Der Kabelsender berichtete auch, dass in der Provinzhauptstadt Conception "die Polizeikräfte nicht ausreichten, um alle unter Kontrolle zu halten, die in Läden nach Lebensmitteln und Versorgungsgütern suchten. Einige waren verzweifelt, als Einkaufsmärkte schlossen und es keinen Treibstoff mehr gab."

Elogen auf Pinochet sind für das Journal nichts Neues. Im Verein mit einem seiner Idole, der ehemaligen britischen Premierministerin Margret Thatcher, hat sich die Stimme der Wall Street immer wieder auf die Seite des mörderischen chilenischen Regimes und seiner Spitzenfigur gestellt.

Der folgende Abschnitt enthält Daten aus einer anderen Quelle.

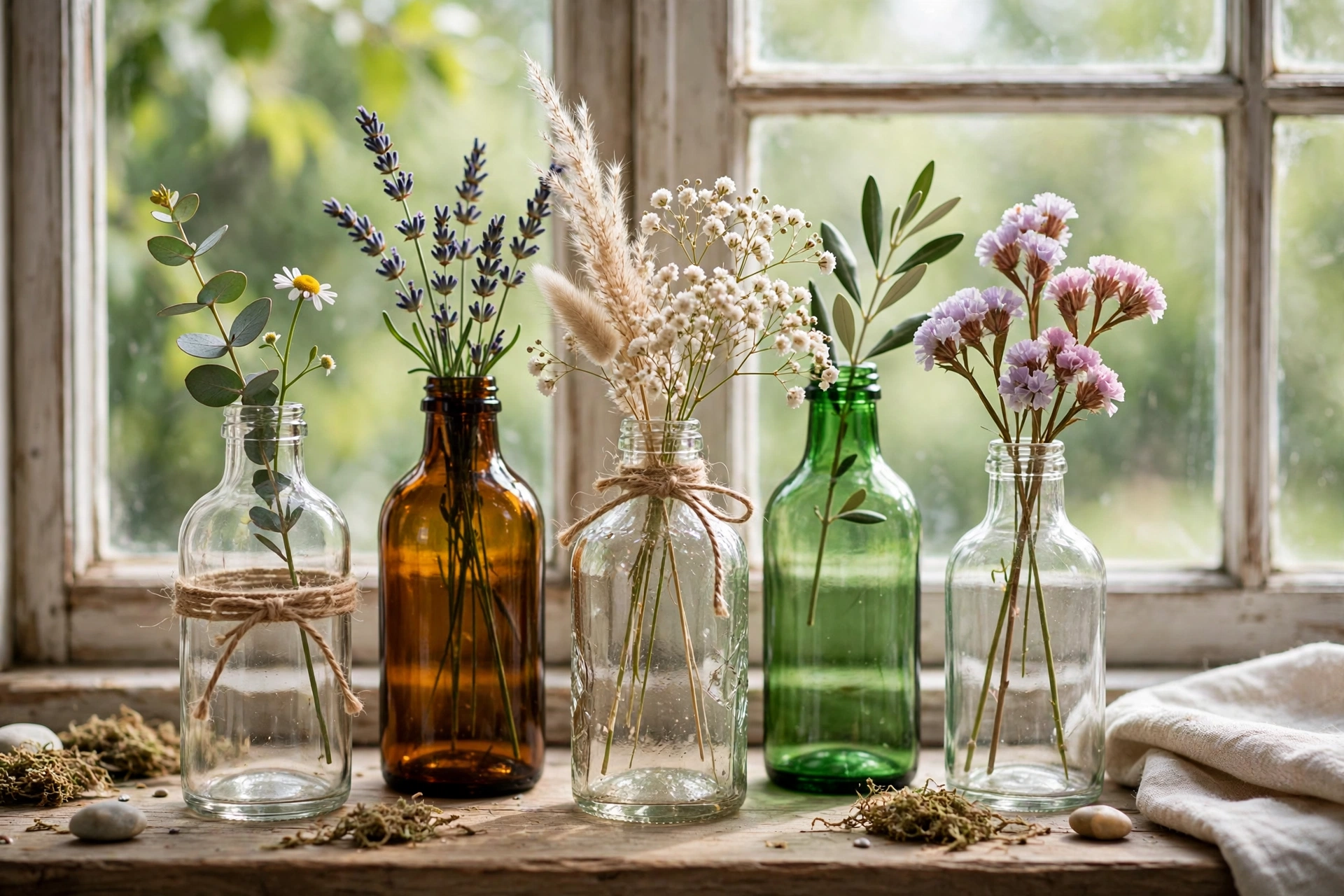 Glass bottles upcycled into elegant vases with fresh flowers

Als Pinochet im Oktober 1998 von den britischen Behörden (vorübergehend) festgesetzt worden war, knirschte das Journal vernehmlich mit den Zähnen und erklärte, der General habe "den Putsch geführt, der sein Land gerettet hat". Unter der Führung des Militärs, versicherte die Zeitung, sei Chile "aus einem Brückenkopf des Kommunismus in ein erfolgreiches Beispiel für Marktreformen" verwandelt worden.

Als der verhasste Diktator im Dezember 2006 starb, erklärte das Journal, dass Pinochet "1973 die Macht mit einem Putsch übernahm, aber schließlich Verhältnisse schuf, in denen demokratische Institutionen wieder Überhand gewannen." Er betrieb "Marktreformen, die Chile wohlhabend und seine Nachbarn neidisch machten".

Die Zuneigung des Journal für Pinochet erinnert an den berühmten Ausspruch über den faschistischen Diktator Italiens, Benito Mussolini: "Er hat dafür gesorgt, dass die Züge pünktlich fuhren". Die Herausgeber der Zeitung haben eine natürliche Neigung zu autoritären Verhältnissen und Diktatur.

Sie wären sehr erfreut, könnte mit der Arbeiterklasse und den politischen Gegnern des Kapitalismus in den USA genauso umgesprungen werden wie unter Pinochet. Die Redaktion, die für die größten Finanzplünderer spricht, träumt von Polizei und Militär auf den Straßen und Internierungslagern für Sozialisten.

Dieser pro-faschistische Schmutz zieht keinerlei Protest der liberalen Medien der USA auf sich. Das Journal zählt auf die Feigheit der New York Times und anderer ähnlicher Stützen des liberalen Establishments und auf die zunehmend anti-demokratische Stimmung unter ihnen.

Siehe auch:
Trauer um Pinochet - faschistische Neigungen im US-Establishment
(19. Dezember 2006)
Politische Lehren aus dem Putsch in Chile 1973
( 13. Dezember 2006)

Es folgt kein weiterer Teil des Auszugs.